Start of Data for review

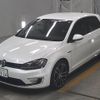 volkswagen golf 2015 -VOLKSWAGEN--VW Golf WVWZZZAUZGW801704---VOLKSWAGEN--VW Golf WVWZZZAUZGW801704- image 5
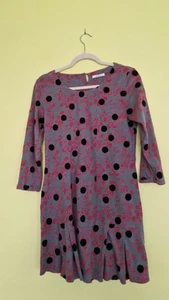 White Stuff Tunic Mini dress Size 10 - Picture 1 of 9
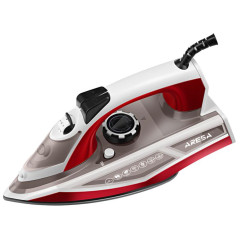 Утюг ARESA AR-3122 (*7)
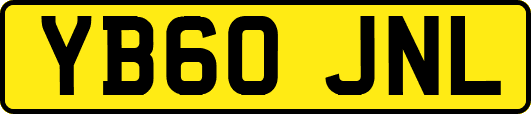YB60JNL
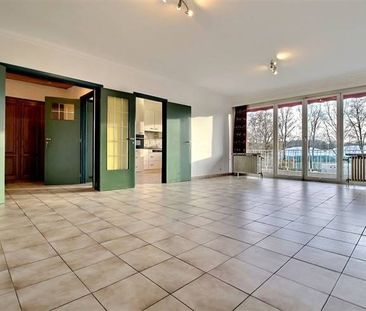 Appartement te huur - Foto 4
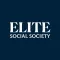 The Elite Social Society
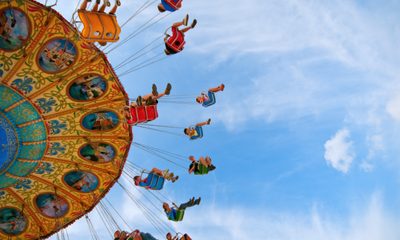Washington State Fair 2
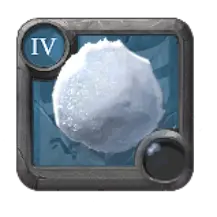 File:Snowball.webp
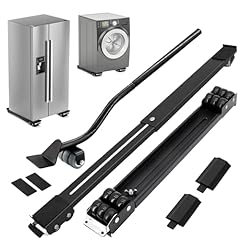 Appliance rollers upgraded for sale  Delivered anywhere in USA 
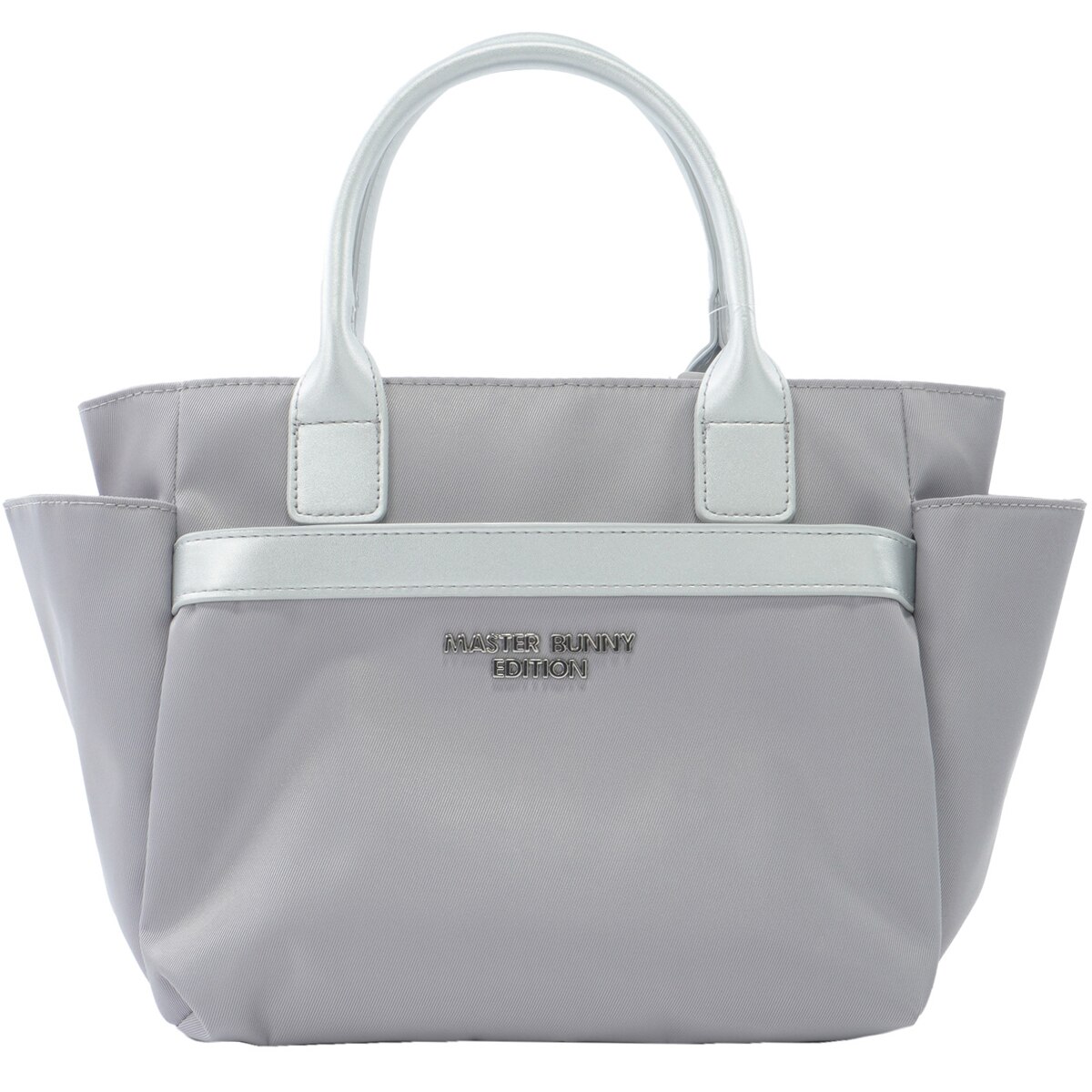 カートバッグ(ラウンドバッグ)|MASTER BUNNY EDITION(マスター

End of Data for review

Task goal → Only the lines from the beginning of the listing through the line with "Appliance rollers upgraded", both ends included, are to be repeated exactly; pictures stay out.

Exercise response →
 volkswagen golf 2015 -VOLKSWAGEN--VW Golf WVWZZZAUZGW801704---VOLKSWAGEN--VW Golf WVWZZZAUZGW801704- image 5
 White Stuff Tunic Mini dress Size 10 - Picture 1 of 9
 Утюг ARESA AR-3122 (*7)
YB60JNL
 Appartement te huur - Foto 4
 The Elite Social Society
Washington State Fair 2
 File:Snowball.webp
 Appliance rollers upgraded for sale  Delivered anywhere in USA 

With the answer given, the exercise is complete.